Furthermore, by comparing the results showed in Figs. 8 and 6, similar level of accuracy for the regularized neural network model during training and testing sessions could be depicted. Such observation proves that the proposed regularized neural network model could provide consistent level of accuracy. In addition, Fig. 9 shows the observation versus the prediction values of the soil-water content. It could be depicted that there is a clear matching between the observed and the proposed ANN model output, which confirms the ability of the ANN model to provide an adequate accuracy level for soil-water content values.

Fig. 9

Observed and predicted saturated soil-water content for the ANN model during training and testing session

Table 2 shows the PE values of the errors at each experiment for both non-regularized and regularized networks. When compared with non-regularized networks, smaller values of PE errors can be depicted after eliminating the over-fitting problem. For example, comparing the PE value of SMC error at the Exp# 42, a reduction from 15% error to 1% error has been achieved. Similar improvement on the performance of almost all experiments can be observed. It can be observed that the results utilizing regularized neural network achieved better level of accuracy over the non-regularized neural network model.

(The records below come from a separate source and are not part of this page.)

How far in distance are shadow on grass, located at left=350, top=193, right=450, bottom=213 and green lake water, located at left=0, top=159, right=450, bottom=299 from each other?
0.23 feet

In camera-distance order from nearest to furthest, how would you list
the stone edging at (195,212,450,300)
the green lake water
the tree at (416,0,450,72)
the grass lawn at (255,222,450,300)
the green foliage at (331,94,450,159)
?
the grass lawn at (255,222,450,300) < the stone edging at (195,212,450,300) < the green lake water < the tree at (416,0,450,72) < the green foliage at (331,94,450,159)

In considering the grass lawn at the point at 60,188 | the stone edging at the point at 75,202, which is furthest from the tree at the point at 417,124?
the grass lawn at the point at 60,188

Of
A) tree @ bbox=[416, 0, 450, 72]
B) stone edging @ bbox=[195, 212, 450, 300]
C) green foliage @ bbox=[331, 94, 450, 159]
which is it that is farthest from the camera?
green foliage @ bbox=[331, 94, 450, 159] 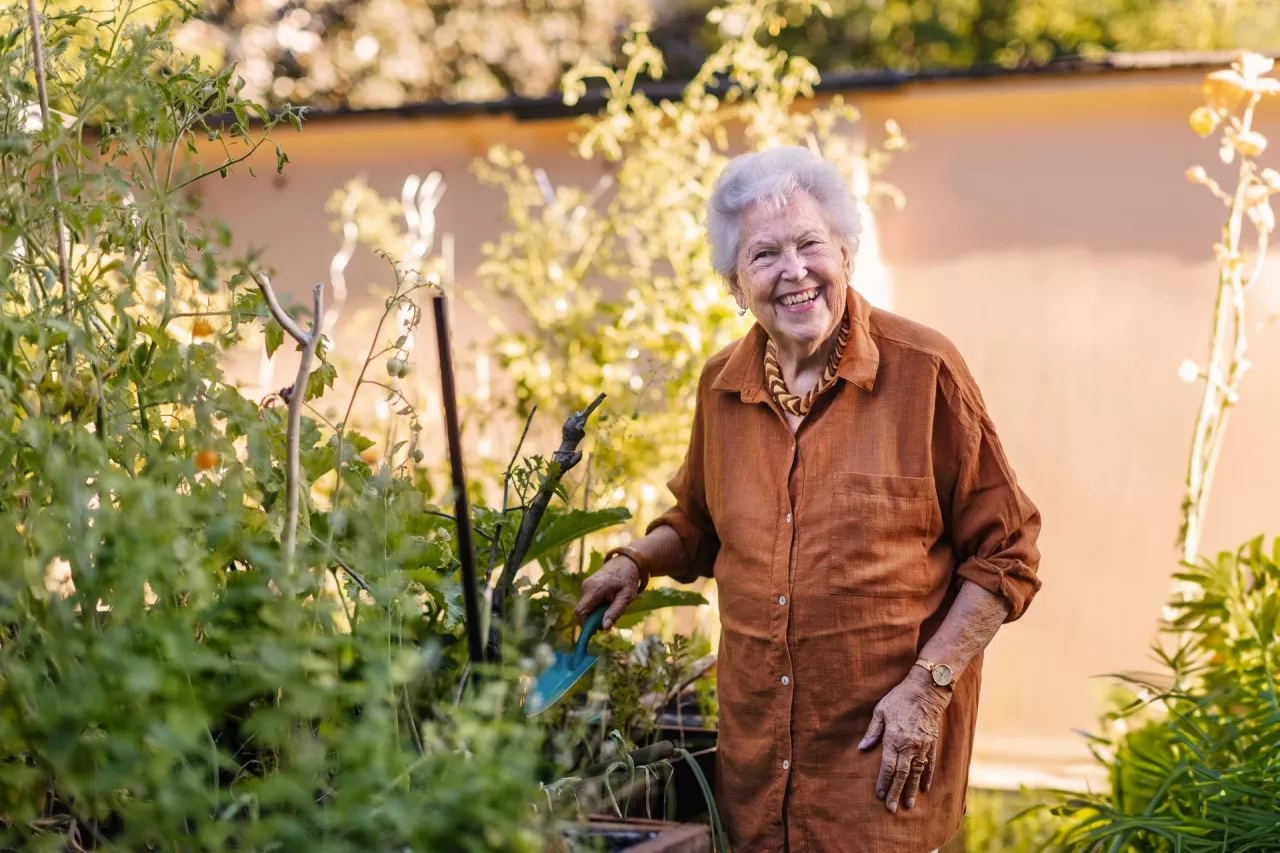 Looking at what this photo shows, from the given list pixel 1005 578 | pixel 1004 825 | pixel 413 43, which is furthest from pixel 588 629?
pixel 413 43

Table 2 Improvement in PE associated with NN model during testing

For further assessment, a comparison analysis is carried out between the proposed ANN model and the linear regression model proposed in Sect. 3.3. The same procedure applied while performing the ANN model utilizing 40 records to calibrate the LRM and examined using the rest 9 records. Figure 10 shows the error distribution for those 9 records for both models. It could be observed that the proposed ANN model with the regularized procedure outperformed the LRM for all the records with remarkable improvement in prediction accuracy.

Fig. 10

The error distribution for the ANN model versus the linear regression model

4.3 Recommendation for further research

In fact, it is common in ANN development to train several different networks with different architecture and to select the best one on the basis of performance of the networks with testing/validation sets. A major disadvantage of such an approach is that it assumes that performance of the networks for all other possible testing sets will usually be similar, which is statistically incorrect. Moreover, observing the performance of the developed ANN when tested, it is obvious that no single network has the optimal prediction for all the testing data sets.

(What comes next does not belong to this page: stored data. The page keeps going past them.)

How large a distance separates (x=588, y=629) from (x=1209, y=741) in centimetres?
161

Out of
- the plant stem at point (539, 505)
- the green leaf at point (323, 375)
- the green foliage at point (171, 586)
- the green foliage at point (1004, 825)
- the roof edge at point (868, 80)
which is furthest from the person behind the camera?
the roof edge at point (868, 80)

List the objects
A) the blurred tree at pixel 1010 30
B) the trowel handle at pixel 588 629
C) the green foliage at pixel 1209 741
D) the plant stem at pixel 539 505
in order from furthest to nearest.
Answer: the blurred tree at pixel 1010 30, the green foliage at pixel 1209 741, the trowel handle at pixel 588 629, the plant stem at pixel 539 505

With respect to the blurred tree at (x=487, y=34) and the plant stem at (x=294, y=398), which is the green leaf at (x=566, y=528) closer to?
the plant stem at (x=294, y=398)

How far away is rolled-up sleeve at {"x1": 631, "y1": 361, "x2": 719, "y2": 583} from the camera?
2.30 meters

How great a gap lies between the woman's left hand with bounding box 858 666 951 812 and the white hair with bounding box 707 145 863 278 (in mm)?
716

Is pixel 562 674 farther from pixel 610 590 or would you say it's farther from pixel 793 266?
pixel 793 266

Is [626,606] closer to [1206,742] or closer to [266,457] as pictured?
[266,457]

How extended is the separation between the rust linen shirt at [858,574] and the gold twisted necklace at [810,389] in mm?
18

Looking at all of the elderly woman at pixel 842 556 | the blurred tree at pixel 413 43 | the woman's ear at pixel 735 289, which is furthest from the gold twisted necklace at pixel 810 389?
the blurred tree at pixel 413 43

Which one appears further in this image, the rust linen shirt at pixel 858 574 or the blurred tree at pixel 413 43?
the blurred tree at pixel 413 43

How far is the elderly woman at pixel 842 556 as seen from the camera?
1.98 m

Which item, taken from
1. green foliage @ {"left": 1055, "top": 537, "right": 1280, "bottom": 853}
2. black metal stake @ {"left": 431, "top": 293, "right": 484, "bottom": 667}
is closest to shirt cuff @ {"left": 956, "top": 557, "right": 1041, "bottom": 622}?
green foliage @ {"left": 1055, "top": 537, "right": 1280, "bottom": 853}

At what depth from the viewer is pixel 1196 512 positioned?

Therefore, a better accuracy than the best reported by any single network can be accomplished if an optimization algorithm that can utilize all these networks is developed.

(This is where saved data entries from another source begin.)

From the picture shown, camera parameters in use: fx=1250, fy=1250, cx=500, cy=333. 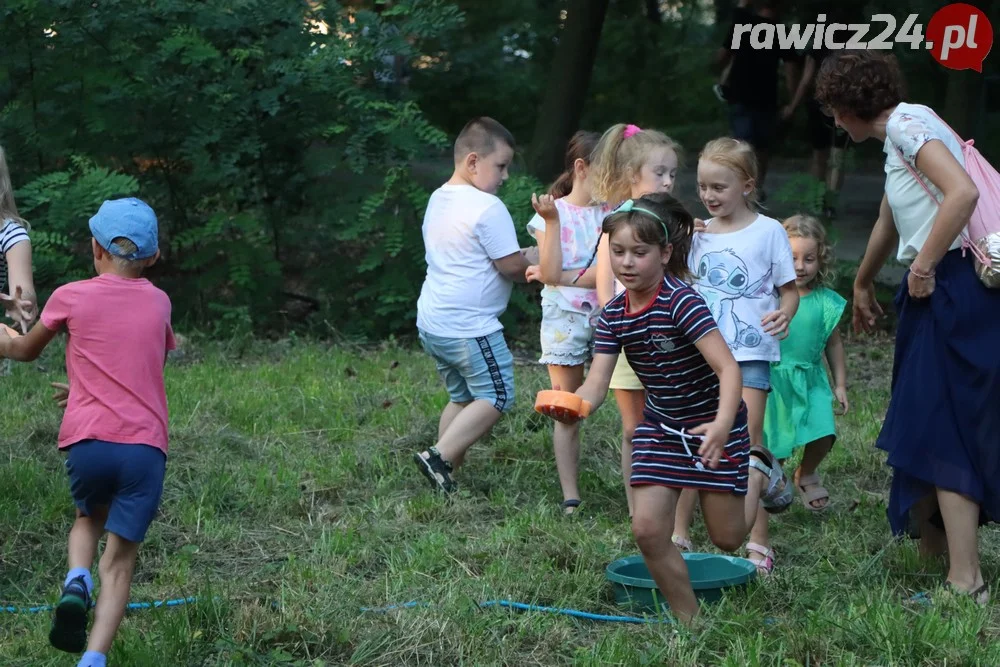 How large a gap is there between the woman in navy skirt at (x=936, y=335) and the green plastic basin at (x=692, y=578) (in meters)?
0.70

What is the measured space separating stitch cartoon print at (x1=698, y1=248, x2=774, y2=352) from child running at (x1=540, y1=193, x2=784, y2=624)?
0.70 m

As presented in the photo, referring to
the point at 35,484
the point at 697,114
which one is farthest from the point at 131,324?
the point at 697,114

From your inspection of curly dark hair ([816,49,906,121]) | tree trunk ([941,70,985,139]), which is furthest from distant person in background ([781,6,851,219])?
curly dark hair ([816,49,906,121])

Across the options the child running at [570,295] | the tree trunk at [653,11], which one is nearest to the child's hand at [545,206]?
the child running at [570,295]

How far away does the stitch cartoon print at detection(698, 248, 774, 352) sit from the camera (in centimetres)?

Another interesting observation is that the effect of the transfer function is as important as the number of layers and neurons in each layer. This can be observed when comparing the performance of two networks with similar number of hidden layers and neurons, but with different transfer functions. Further discussion on the effect of the optimal combination of different transfer function for specific applications is beyond the scope of this study.

5 Conclusion

This article suggests the use of a regularized NN model for developing a prediction model of the saturated soil-water content at different depths. The model was successful to provide an accurate prediction for saturated soil moisture content using only the saturated hydraulic conductivity and the depth as input variables. The proposed ANN model was examined utilizing 49 records of data collected from field experiments. The results showed that the ANN model has the ability to detect and extract the stochastic behavior of the saturated soil-water content with relatively high accuracy. The performance accuracy of the model can be expressed from the training session that a maximum error ~2% at the rest of the 40 records, while the maximum error for the testing session is within ~5% level of accuracy.